つまり、原材料となる木材NW2には、木裏側から木表側に向けて繊維方向と略直交する方向に直径が1.5〔mm〕からなる孔Hが、密度が60〔個〕/100〔cm2 〕で深さが元の板厚の80〔%〕相当で、全面に穿設されている。この木材NW2がプレス盤10Cの内部空間IS内に載置された後、その上プレス盤11A及び下プレス盤21Eにて加熱圧縮処理が実行され、木材NW2が圧縮成形される。そして、プレス盤10Cの内部空間ISが所定の間隔の密閉状態にシール部材14を介して保持され所定時間経過後に開放される。この内部空間ISが密閉状態から開放される直前に、バルブV5が開弁状態とされることで内部空間ISに存在する高温高圧の水蒸気が配管口41a、配管41及びドレン配管42を通って排出される。
【0127】
このため、プレス盤10Cの内部空間IS内に載置された木材NW2が加熱圧縮され、内部空間ISが密閉状態に所定時間保持されている間に、下プレス盤21Eの木材NW2の木裏側との当接面に配設され、下プレス盤21Eと木材NW2の木裏側との間に形成される金網31による隙間を介して木材NW2に穿設された孔H内から木材NW2に元々含まれている水分が水蒸気となって内部空間ISとの間を通過自在となることで、木材NW2が均一に固定化される。

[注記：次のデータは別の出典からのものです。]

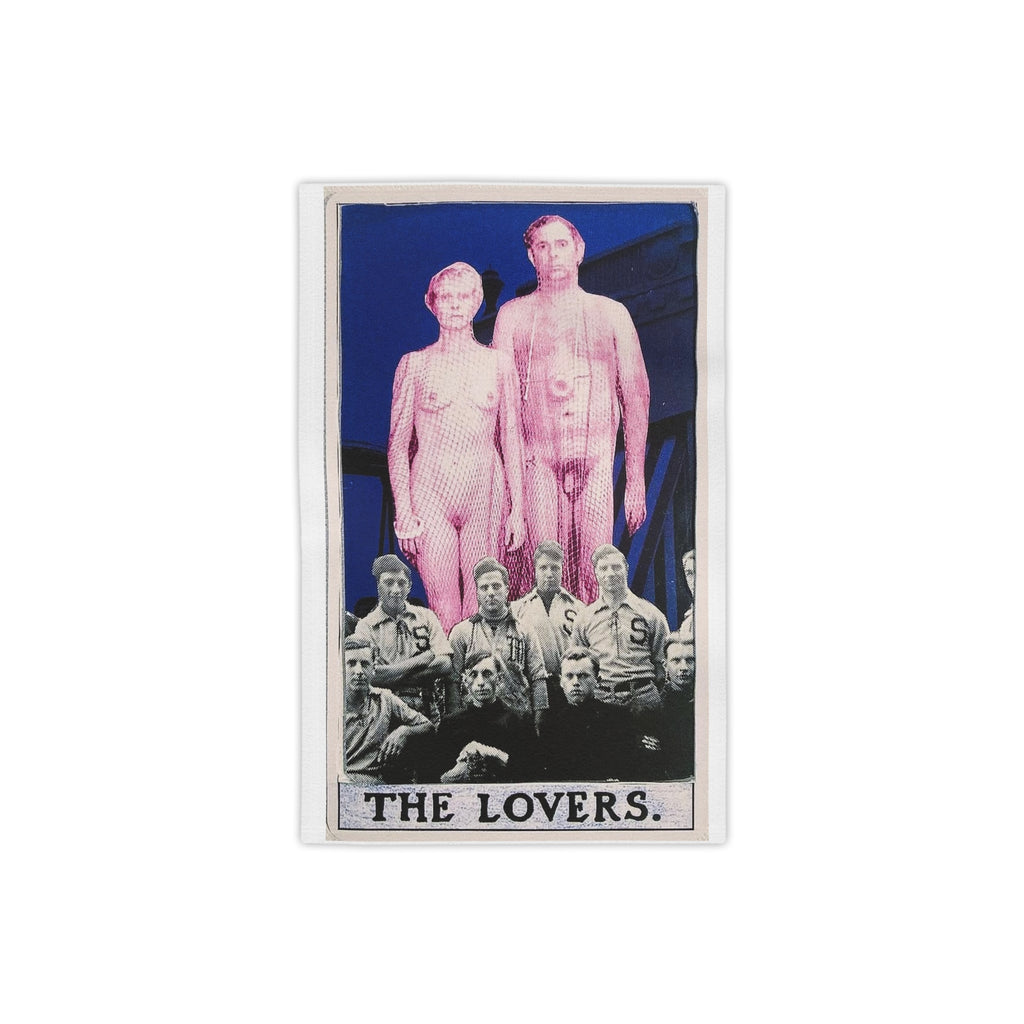 The Lovers Tarot Beach Towel — Vintage Collage Pink Nude Couple Design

このように、本実施の形態の塑性加工木材製造装置300によれば、木材NW2を加熱圧縮し、内部空間ISを密閉状態に所定時間保持して固定化し、内部空間ISを密閉状態から開放し、プレス盤10Cの内部空間ISから直ちに取出して自然冷却を行っても膨らみ変形を生じることのない安定した品質の塑性加工木材PW3を製造することができる。
【0128】
ここで、上述の実施の形態の塑性加工木材製造装置300では、孔Hが木材NW2の木裏側の全面に穿設されているが、木材の両木口面から例えば、5〜15〔cm〕程度の範囲は、木口面から水蒸気が出入りし易いため、孔Hを穿設する必要がなく、それよりも内側となる範囲に上記条件にて穿設されておればよい。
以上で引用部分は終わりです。